PS: tudo que está grifado foi de fato dito por algum dos meus amigos
PPS: meu sonho é ter uma casa com uma árvore com flores amarelas no quintal e um cachorro para morrer do meu lado.

quarta-feira, 10 de agosto de 2011

Os conhecidos que não me conhecem...

Viu-os, com olhos grandes, pretos e redondos, faiscantes com a vida que despertava enraivecida dentro dela. Respirou, pensando em explicar-se mais uma vez. Desistiu. Estava cansada das pessoas que achavam que a conheciam. Como poderiam, se nem ela havia conseguido tal proeza? Inspirou com a profundeza de seus sentimentos, suas reflexões covardes que apareciam e corriam dela antes de fazerem-se claras.
Não, ela não gostava mais daquilo. Já participara de muitas coisas, conhecera muita gente, fizera amigos e dera muitas risadas em outros momentos, que ela amava com todas as forças, mas que já não eram seu presente. Não queria dormir no chão ou não dormir, tinha preguiça de pessoas histéricas, não dava nem um décimo da importância que todas aquelas pessoas de almas jovens davam a uma competição, qualquer que fosse. Não combinava mais com aquelas coisas e tinha preguiça. Tinha inveja, também, daqueles que amavam todas aquelas coisas com simplicidade e emoção, cabível aos inocentes.
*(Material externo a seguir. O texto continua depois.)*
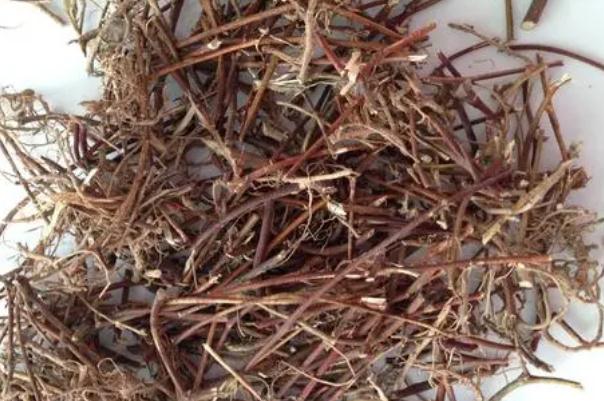 雞骨草對膽囊炎有效果嗎 雞骨草可以長期泡水喝嗎 雞骨草對膽囊炎有效果嗎 雞骨草可以長期泡水喝嗎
Invejava sua devoção, seu aproveitamento simplório daqueles momentos de vida, sua felicidade fácil e livre. Era muito mais complicada que eles e não se orgulhava disso.
Mas essa era ela. Ela. E sim, seus olhos pretos e sua cara de eventual mau humor não precisavam que as pessoas lhe dissessem "você vai se arrepender!". Como, por Deus, poderiam saber? Alguém ali morava em seu coração, visitava suas entranhas, via sua alma? Alguém ali arrepiava-se com livros bons, chorava em desenhos de urso, morria de saudades de um gato branco e decrépito? Alguém ali lembrava com muito muito muito carinho de uma tarde de autógrafos em um tempo próximo, que fora uma das melhores tardes de sua vida? Alguém adorava cheiro de gasolina, de chuva, de cachorro quando toma banho, de casa limpa, de casa de mãe? Alguém ficava com os olhos estalados quando a chuva caía lá fora, hipnotizada pela força e grandeza daquela água mágica, vinda do além? Alguém sim. Ela. Ela, em suas esquisitices únicas, suas multi-caras, seus humores mutantes. Ela, que não se entendia e não se conhecia tão bem quanto gostaria, mas sabia-se única e desigual, como cada uma das pessoinhas sobre a Terra.
Sorriu, quando alguém, muito velho, ou que se sentia muito velho, alegou que ela ainda era nova e que um dia ia sentir saudades de poder ir àquelas competições, e teria vontade, mas não poderia. Respirou, tentando imaginar o que aquele cara sabia da vida, de sua vida. Sorriu, satisfeita em apenas sorrir.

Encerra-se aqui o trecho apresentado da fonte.